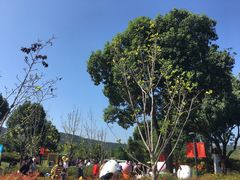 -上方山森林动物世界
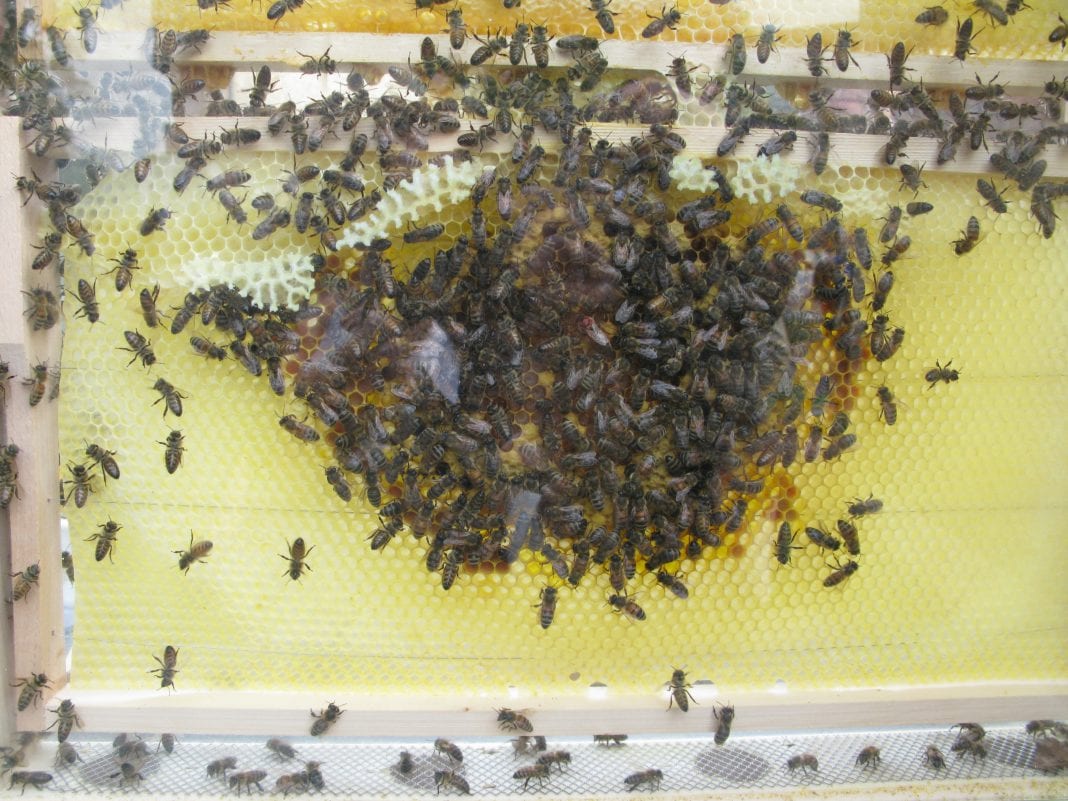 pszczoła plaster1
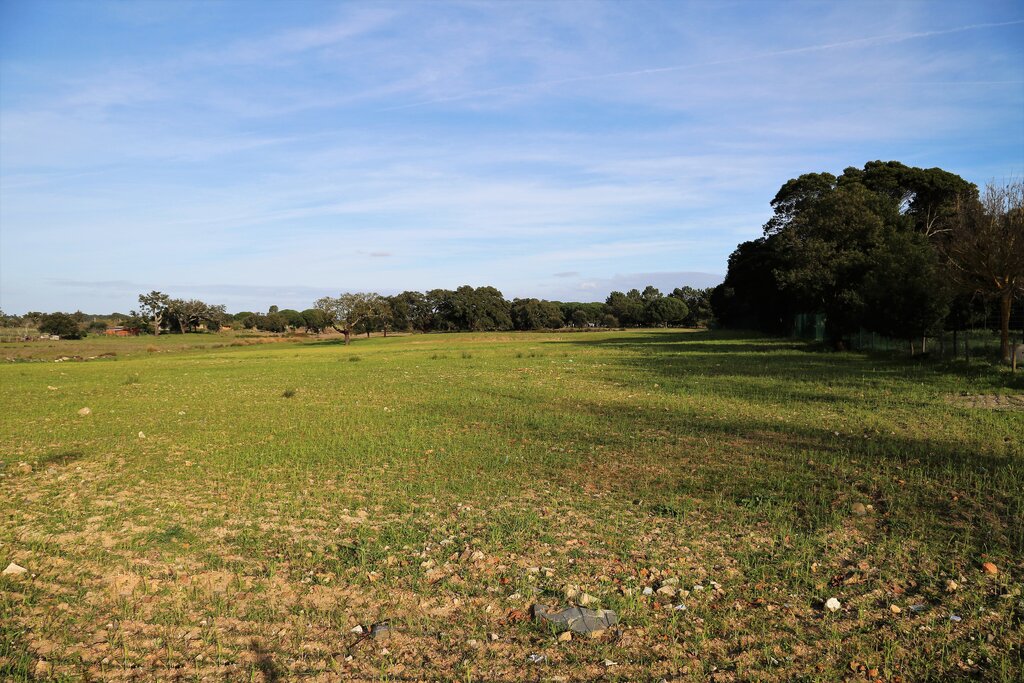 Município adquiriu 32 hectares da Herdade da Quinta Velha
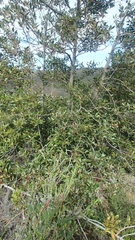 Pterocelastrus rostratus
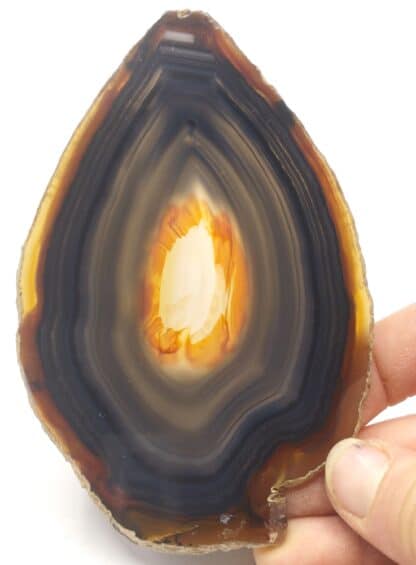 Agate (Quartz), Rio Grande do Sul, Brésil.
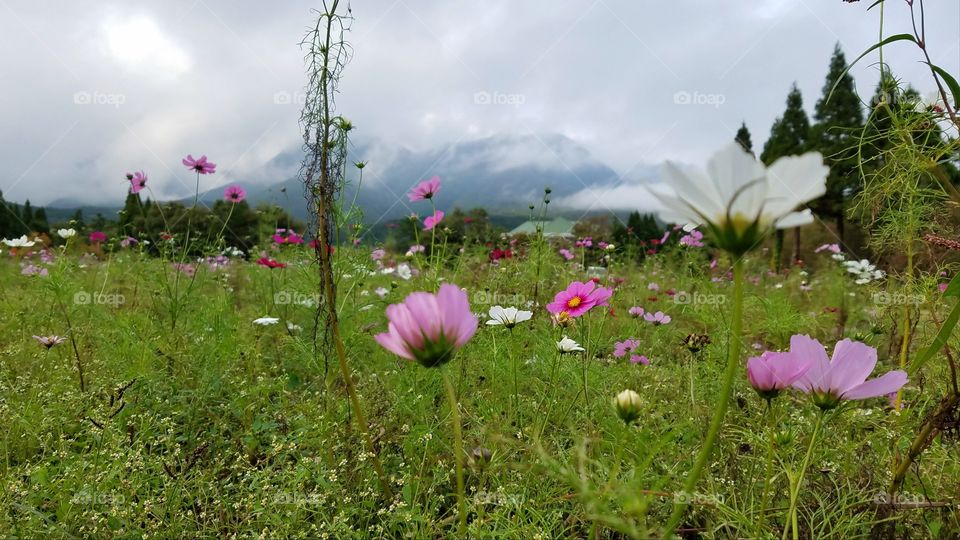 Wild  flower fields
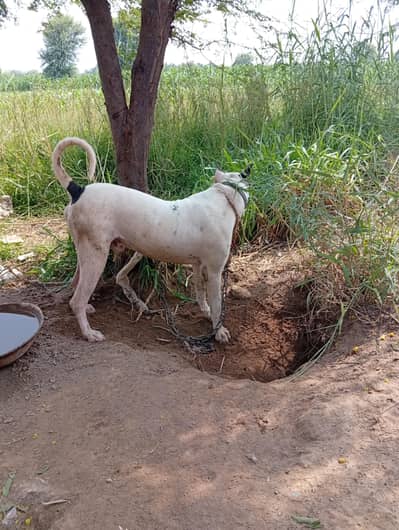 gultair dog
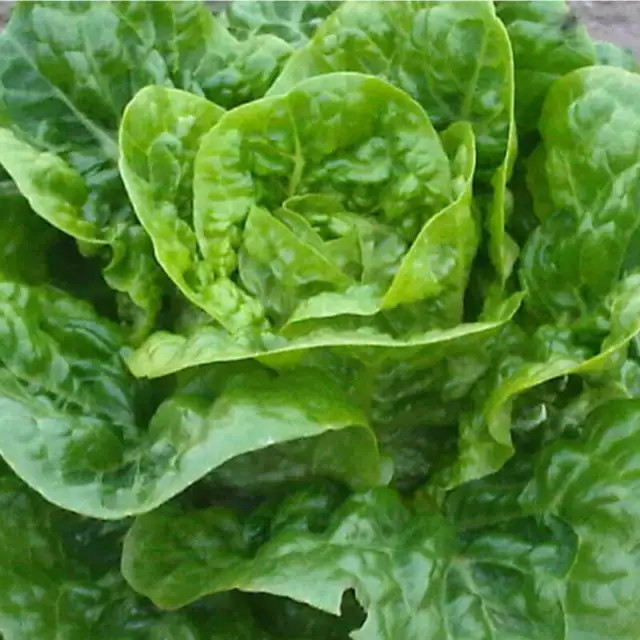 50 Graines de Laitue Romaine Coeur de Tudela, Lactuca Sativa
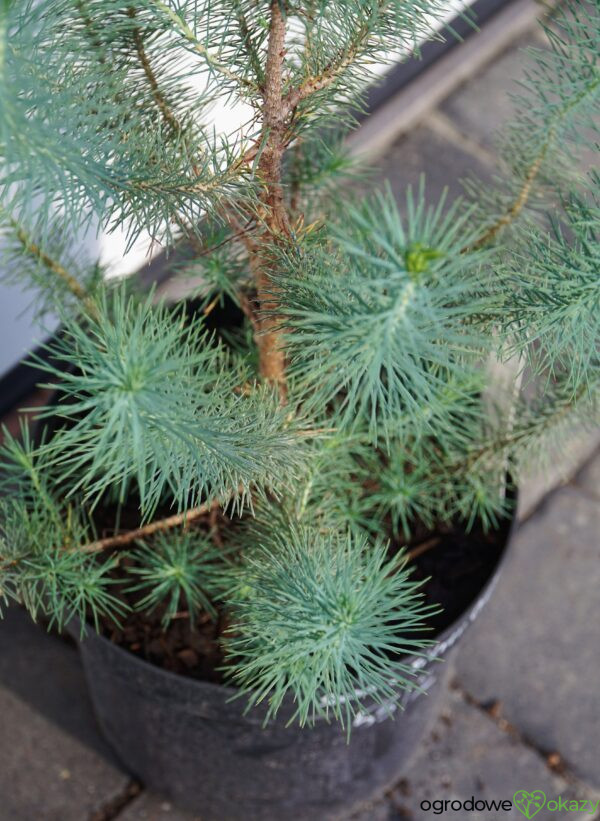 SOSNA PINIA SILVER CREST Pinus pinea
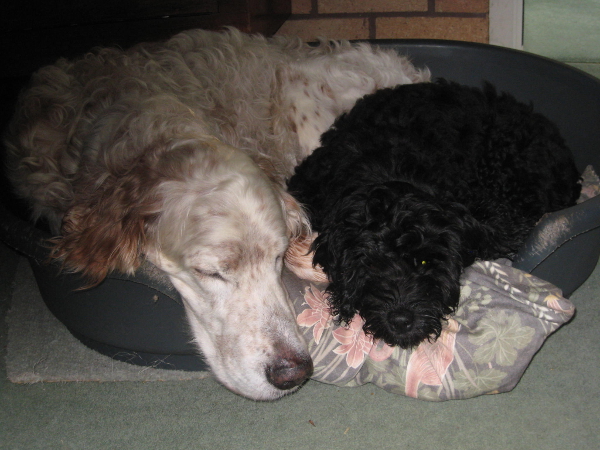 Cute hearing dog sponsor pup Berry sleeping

==========

What you will do> Only the lines from the one with "Município adquiriu 32" through the final line of the entries belong in the answer, set down exactly, with both ends included and no pictures.

Answer box>
 Município adquiriu 32 hectares da Herdade da Quinta Velha
 Pterocelastrus rostratus
 Agate (Quartz), Rio Grande do Sul, Brésil.
 Wild  flower fields
 gultair dog
 50 Graines de Laitue Romaine Coeur de Tudela, Lactuca Sativa
 SOSNA PINIA SILVER CREST Pinus pinea
 Cute hearing dog sponsor pup Berry sleeping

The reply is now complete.